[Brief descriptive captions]
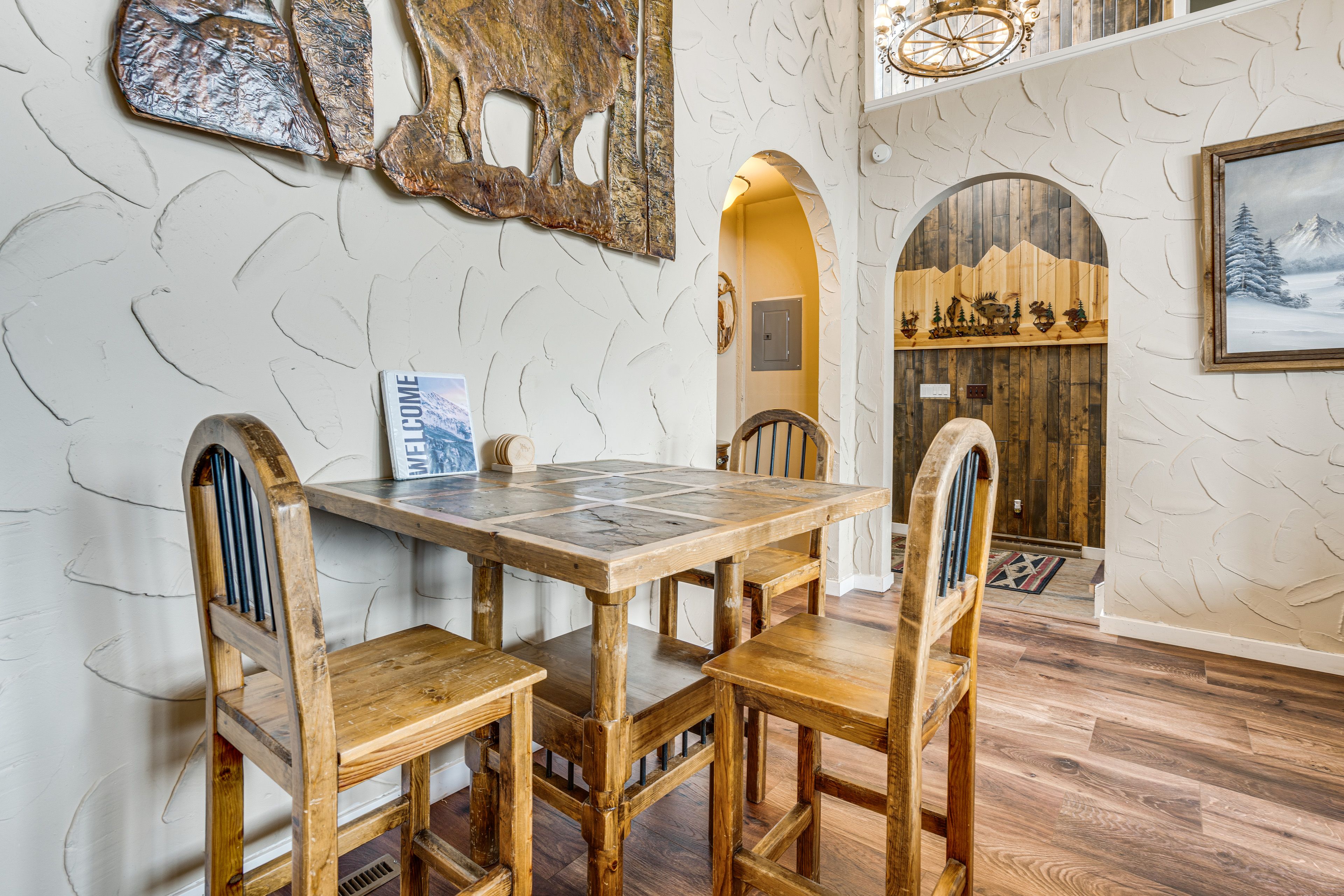 Dining Area | Main Level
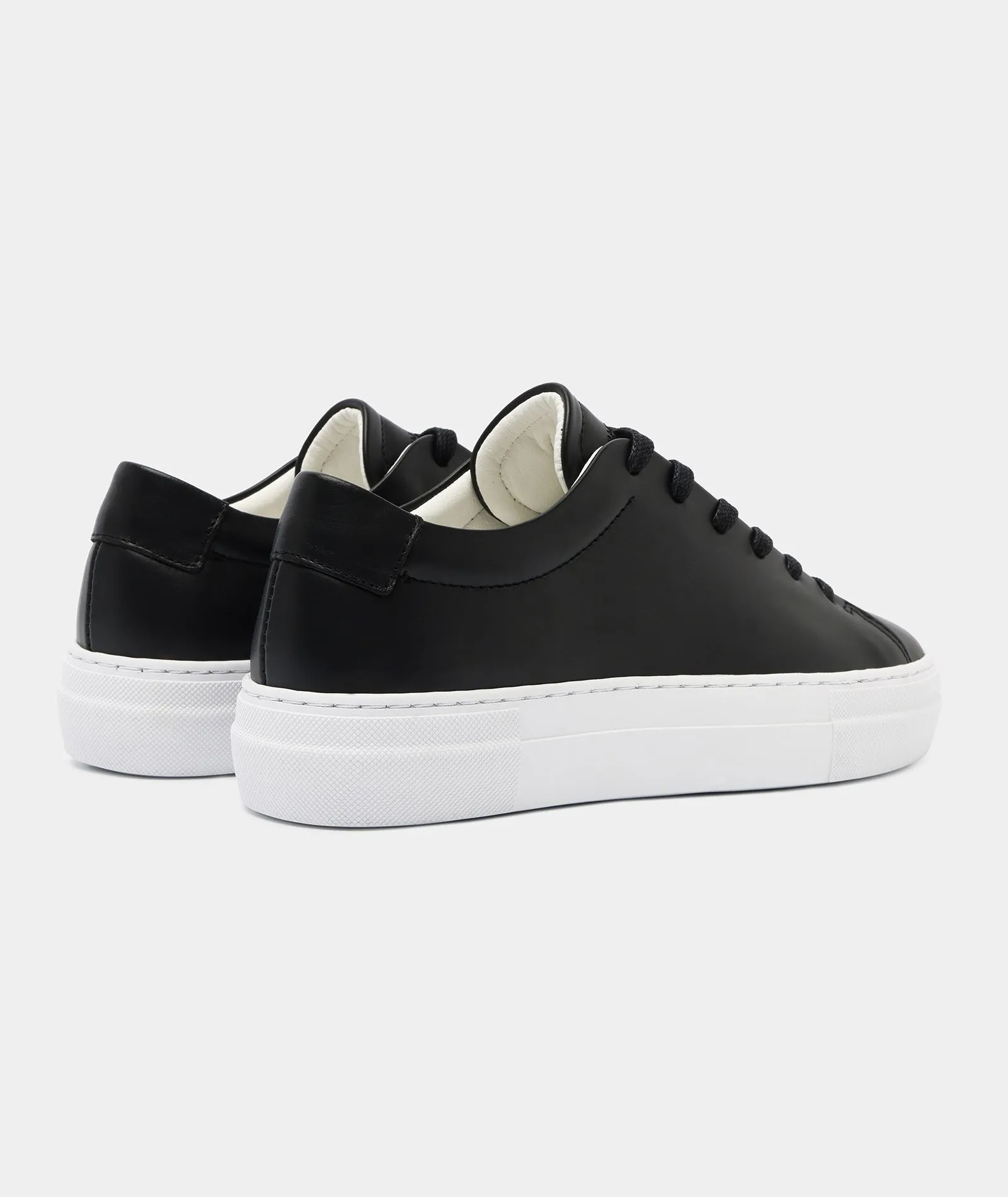 Ella - Black Leather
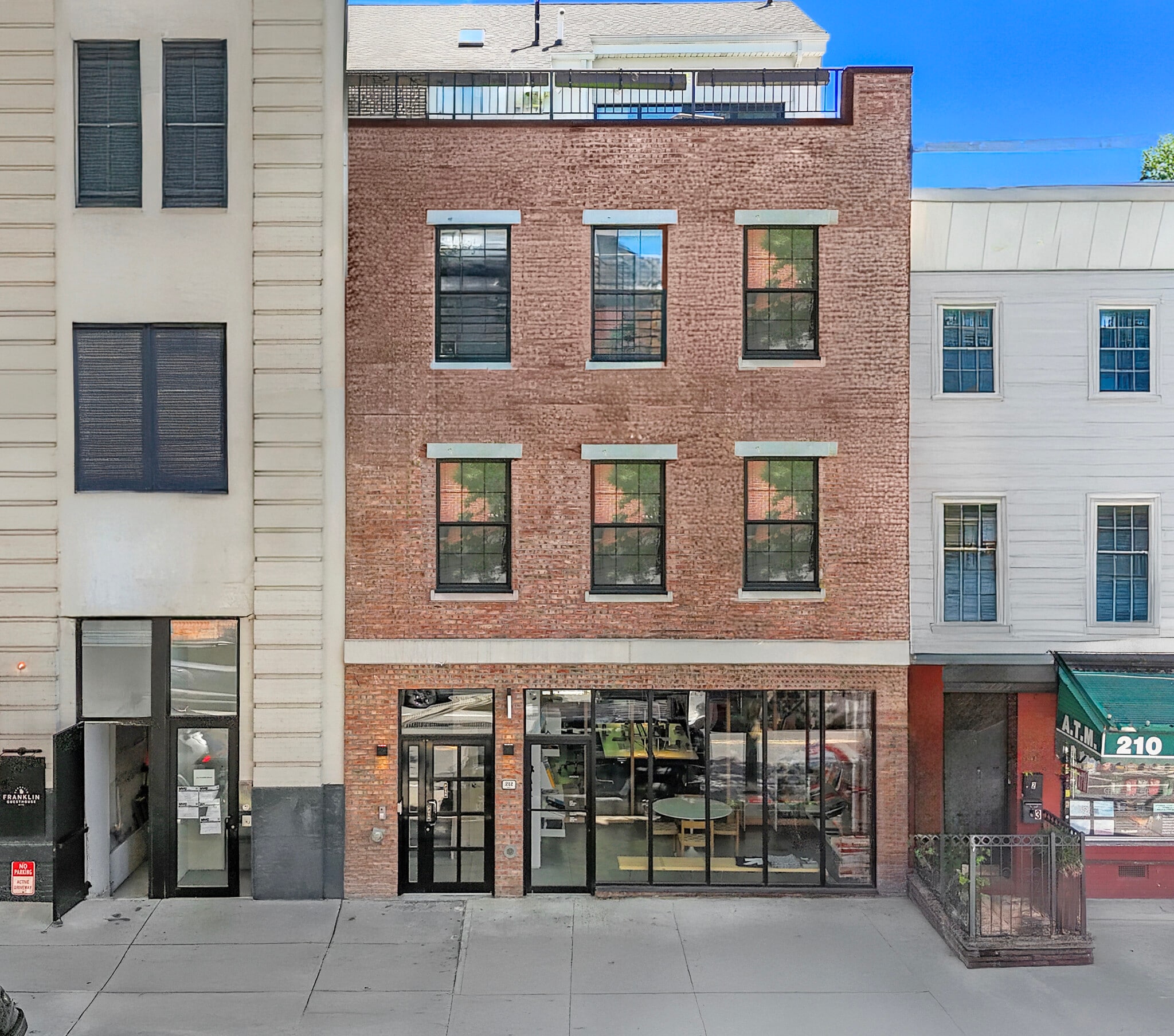 212 Franklin St, Brooklyn, NY à vendre Photo de l’immeuble– Image 1 sur 20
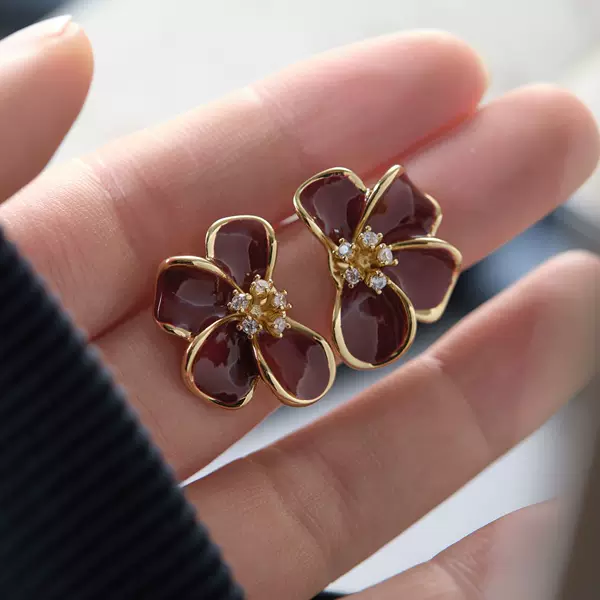 [Sakura Falling] Red Cherry Blossom Color Enamel Flower Earrings for Women, Accessible Luxury and High-End Earrings, Mosquito Coil Disc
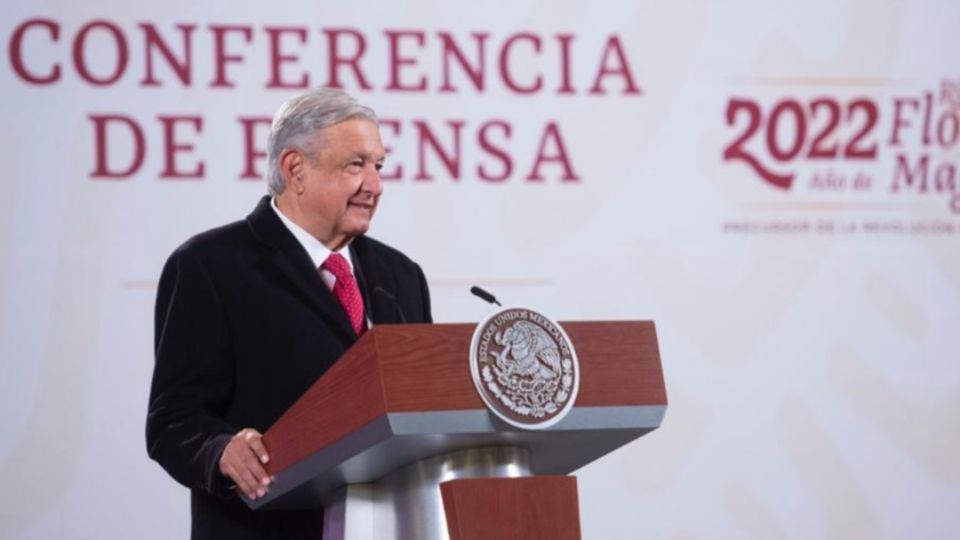 'Hay propuestas de empresas que quieren intercambiar unos helicópteros por el avión,' informó López Obrador. FOTO: Presidencia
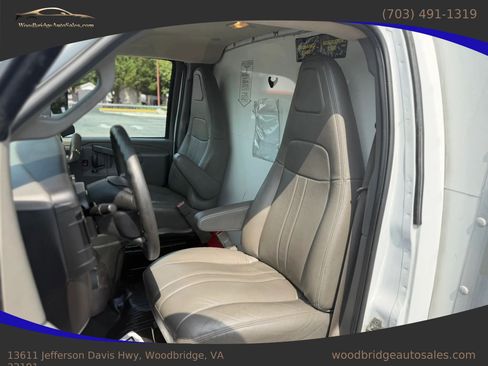 Used 2021 GMC Savana 3500 Extended w/ Power Convenience Package RWD image 11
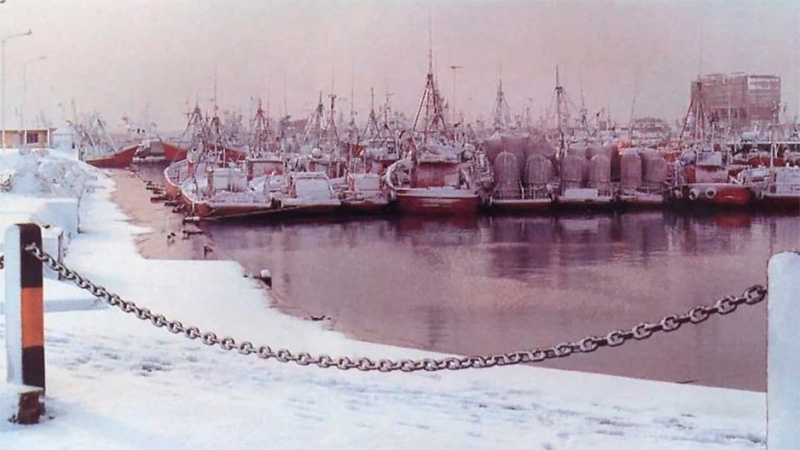 Barcos en el Puerto de Mar del Plata descansan cubierto de nieve el 1° de agosto de 1991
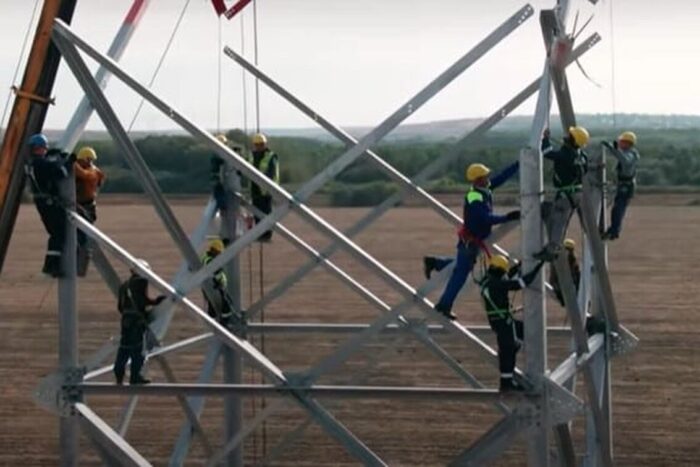 Compania rămânească Electromontaj construieşte o nouă linie de înaltă tensiune în Polonia electromontaj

◆ TASK REQUIREMENTS
If an entry holds a picture, skip the picture and print the rest of the data exactly.

◆ REPLY TO THE TASK
 Dining Area | Main Level
 Ella - Black Leather
 212 Franklin St, Brooklyn, NY à vendre Photo de l’immeuble– Image 1 sur 20
 [Sakura Falling] Red Cherry Blossom Color Enamel Flower Earrings for Women, Accessible Luxury and High-End Earrings, Mosquito Coil Disc
 'Hay propuestas de empresas que quieren intercambiar unos helicópteros por el avión,' informó López Obrador. FOTO: Presidencia
 Used 2021 GMC Savana 3500 Extended w/ Power Convenience Package RWD image 11
 Barcos en el Puerto de Mar del Plata descansan cubierto de nieve el 1° de agosto de 1991
 Compania rămânească Electromontaj construieşte o nouă linie de înaltă tensiune în Polonia electromontaj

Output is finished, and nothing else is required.